S’agissant des régions en déficit de développement et d’emploi, la politique de l’emploi qui y a été suivie a consisté en un saupoudrage des ressources allouées qui n’a pas encouragé l’émergence de véritables espaces de développement, ou de distinguer en ce qui concerne les mesures d’accompagnement à la stratégie nationale, entre ce qui relève de l’infrastructure de base et ce qui est destiné à créer des emplois ou de sources de revenu.

En vérité, l’Etat tunisien s’est reposé sur un code d’investissement qui n’a jamais donné les résultats escomptés au plan régional et qui a vivement accéléré la migration intérieure, intra et inter-gouvernorats.

Quoi qu’il en soit, la situation exige d’agir immédiatement sinon la Tunisie court le risque d’affronter une crise socioéconomique et humaine sans précédent.

Quid de la SNE ?

La Stratégie nationale pour l’emploi (SNE) offre à cet égard une opportunité qu’il ne faut surtout pas ignorer. Certes, elle est perfectible, comme toutes les stratégies, elle a néanmoins le mérite d’exister en tant que telle et d’être pour ainsi dire prête à l’emploi.
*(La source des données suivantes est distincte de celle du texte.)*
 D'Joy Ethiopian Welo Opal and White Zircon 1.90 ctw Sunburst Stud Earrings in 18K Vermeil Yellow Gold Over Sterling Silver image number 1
Résultat d’une large concertation entre gouvernement et partenaires sociaux (UGTT et UTICA notamment), suite logique à la conclusion d’un Contrat Social signé en 2013 par les mêmes parties ainsi qu’au Dialogue national pour l’emploi initié  en 2016 avec le soutien et l’assistance du Bureau international du travail (BIT), la SNE s’inscrit dans une volonté commune de faire face à la situation et pose subsidiairement le problème d’une politique contractuelle trop longtemps laissée à l’abandon.

Les objectifs de la SNE…

L’objectif de la SNE est d’atteindre un certain nombre d’objectifs sociaux considérés comme essentiels à l’apaisement social : intégration des jeunes demandeurs d’emploi dans le marché du travail, promotion de l’emploi décent, respect effectif des droits sociaux, quel que soit le secteur d’activité ou la taille des entreprises.

L’atteinte de ces objectifs de caractère social requiert évidemment l’application concomitante des mesures économiques et monétaires préconisées par la SNE dont le réamorçage du développement des secteurs productifs, la promotion des activités en rapport avec les exigences de l’environnement durable, l’amélioration de la productivité et de la compétitivité des entreprises.
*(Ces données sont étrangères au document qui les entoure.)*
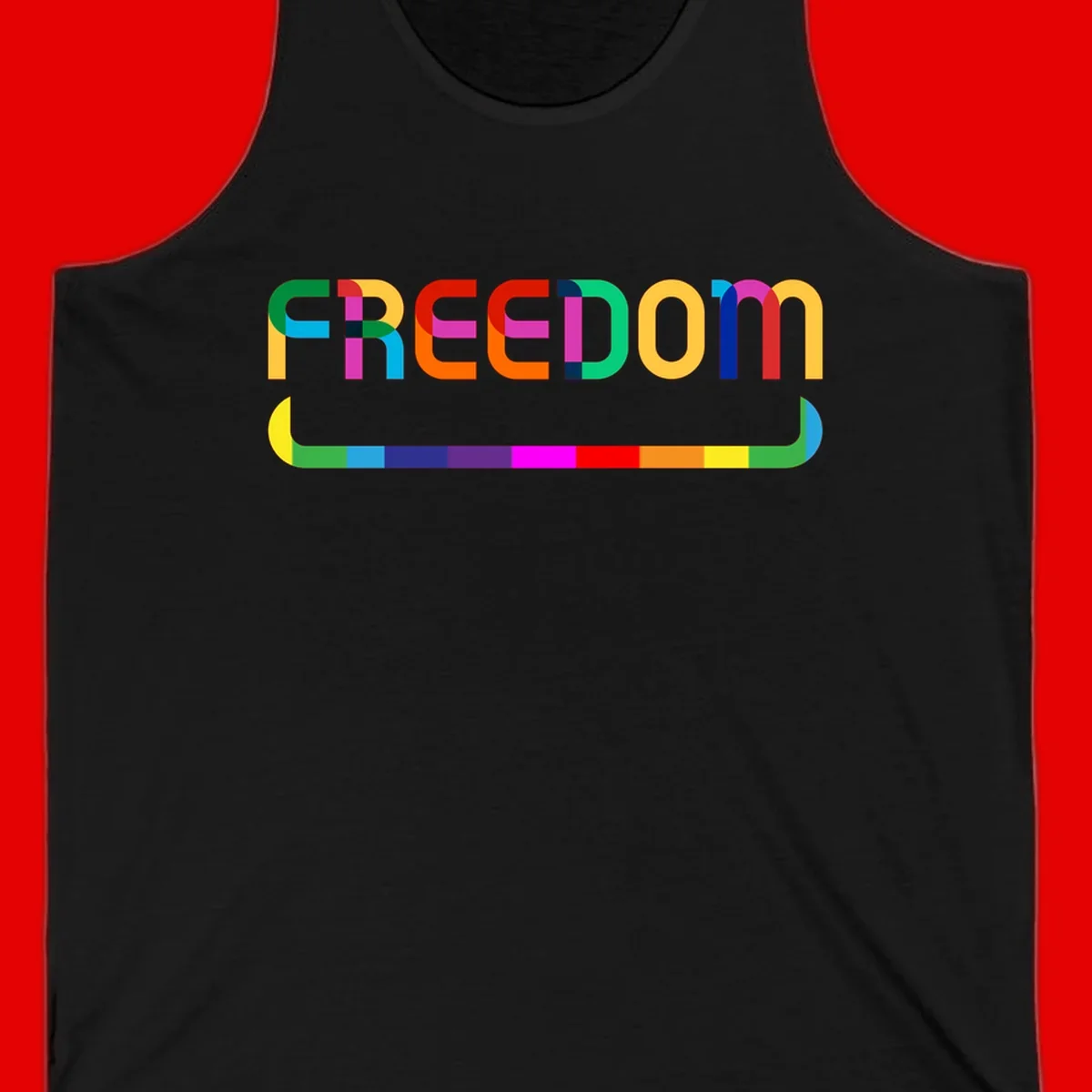 Colorful FREEDOM text in rainbow letters with geometric shapes and pride flag color bar below on gray background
la situation de l’emploi ne peut pas s’améliorer de façon pérenne si la croissance n’est pas au rendez-vous

Il est clair que la situation de l’emploi ne peut pas s’améliorer de façon pérenne si la croissance n’est pas au rendez-vous, si l’investissement ne repart pas, si la part de la valeur ajoutée dans la production n’est pas en hausse, si la productivité stagne et si la compétitivité de l’économie nationale régresse.

Sur ce même élan, la SNE propose d’agir sur quelques axes prioritaires.

Le premier concerne l’appareil productif lui-même. Il s’agit alors de peser sur les leviers macro-économiques afin qu’ils puissent favoriser l’investissement de façon générale, l’investissement riche en emplois décents et rémunérateurs en particulier, de faciliter l’accès au crédit et les marchés publics aux PME.

Cependant, il est vital que cette action soit compatible et cohérente avec les actions préconisées depuis quelques années déjà par les études sur le devenir de la stratégie industrielle.

Le deuxième concerne le capital humain. Il s’agit alors de promouvoir l’apprentissage, d’encourager la formation continue et de remodeler le cadre institutionnel et programmatique de la formation professionnelle. D’aucuns, attentistes ou blasés, diront qu’il faut commencer par la base de l’instruction publique, c’est-à-dire le primaire et le collège, mais alors il faudra attendre vingt ans au moins pour voir le résultat du changement espéré. La Tunisie ne peut pas se le permettre.

D’autres axes sont également pris en charge par la SNE. Ils concernent le marché du travail, sa gouvernance et sa gestion, le suivi et le contrôle des actions menées, l’évaluation des performances, etc.

Bref, l’heure est à l’action immédiate, c’est-à-dire à l’application sans délais des recommandations formulées par la SNE.